In part, the judges wrote that “the District Court held that Finn had not shown a genuine dispute of fact regarding alleged discrimination in RPC’s overtime distribution” and added that “the differences in overtime hours were minimal to begin with, and are easily explained by the higher rate at which African-American employees declined overtime opportunities.”

Regarding Finn’s retaliation claim, under Title VII, the appellate judges wrote that the “defendants have provided nonretaliatory reasons for Finn’s termination, and Finn has not pointed to evidence that reasonably supports a finding of unlawful retaliation.” 

When it came to the flyers Finn had posted at work urging co-workers to join him in reporting the alleged discrimination at Rockland Psychiatric, and Finn’s contention that his First Amendment rights had been violated, the appellate judges ruled that Finn’s speech was “threatening, rude, and offensive.” 

“Having reviewed the record, we conclude that no reasonable jury could find that Finn was retaliated against because of protected speech,” the appellate judges wrote.

When reached by telephone, Catherine O’Hagen Wolfe, a spokesperson for the Court of Appeals, Second Circuit, said: “The court speaks by its decision and we won’t have a comment beyond that.”

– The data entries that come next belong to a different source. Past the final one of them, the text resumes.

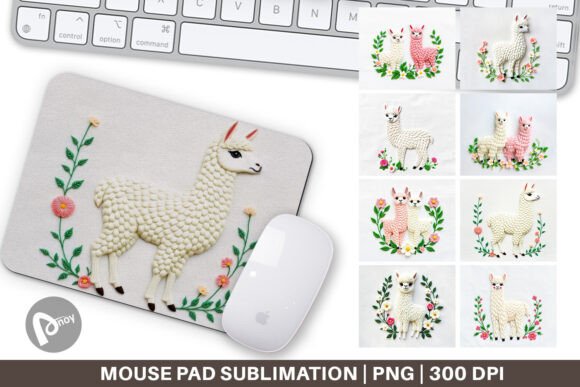 Mouse Pad Alpaca Embroidery: A Business Design Review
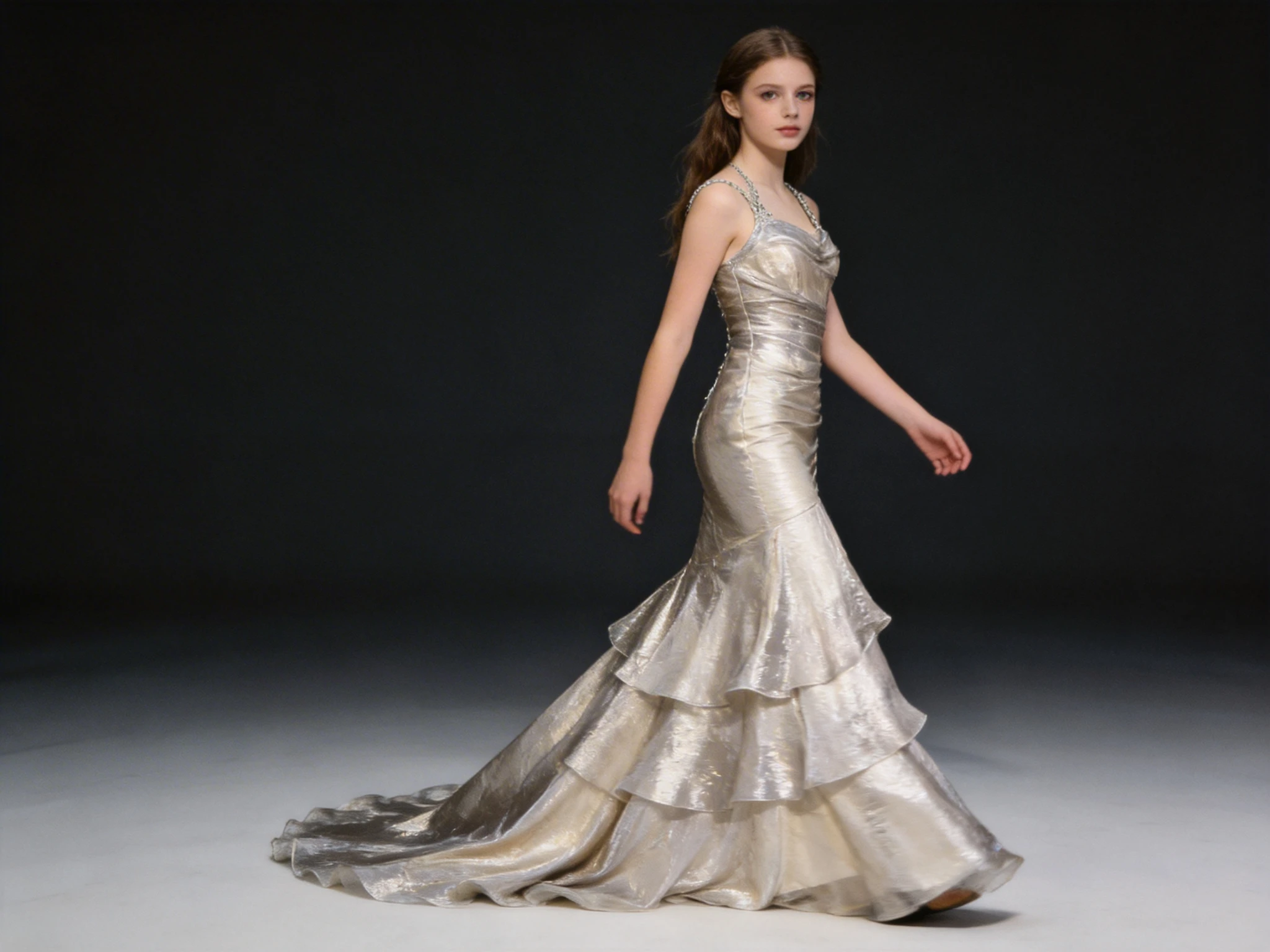 Elegant Layered A Line Evening Dress Long Prom Dress Y7776 by simplepromdress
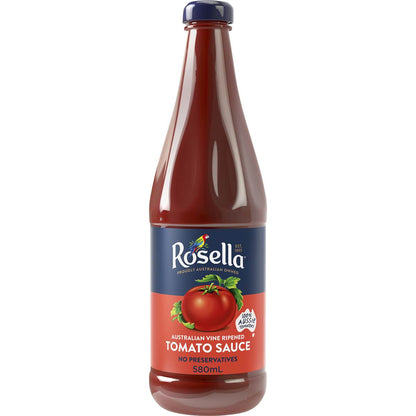 Rosella Tomato Sauce Glass 580ml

“First of all, New York State’s own Department of Human Rights found in their investigation that in fact there was widespread overtime discrimination, so how can the lower court and appellate judges find otherwise?” Finn says. “Even better, I encourage African American past and current victims of overtime pay discrimination, promotion denials, and illegal hiring practices at Rockland Psychiatric Center to come forward.”

Finn’s attorney, Seltzer, filed an appeal, asking for a rehearing; the same three appellate judges denied the petition on February 5, 2013.

“Despite our best efforts and our belief in the merits of Mr. Finn’s claims the Second Circuit unfortunately disagreed with our position,” Seltzer, the attorney, tells The Black Star News. “As the attorney on the matter, I respect the second circuit’s conclusion.”

Finn says “to add insult to injury” the State Attorney General has sent him a bill for $6,404.22 claiming it’s the amount that the government is owed in printing and copying costs for the documents in connection with the case.

When reached by telephone, Joshua Pepper, the assistant attorney general, declined to comment. 

“This battle is not over,” Finn says. “This is nothing but a clear conspiracy to keep me away from a jury trial.”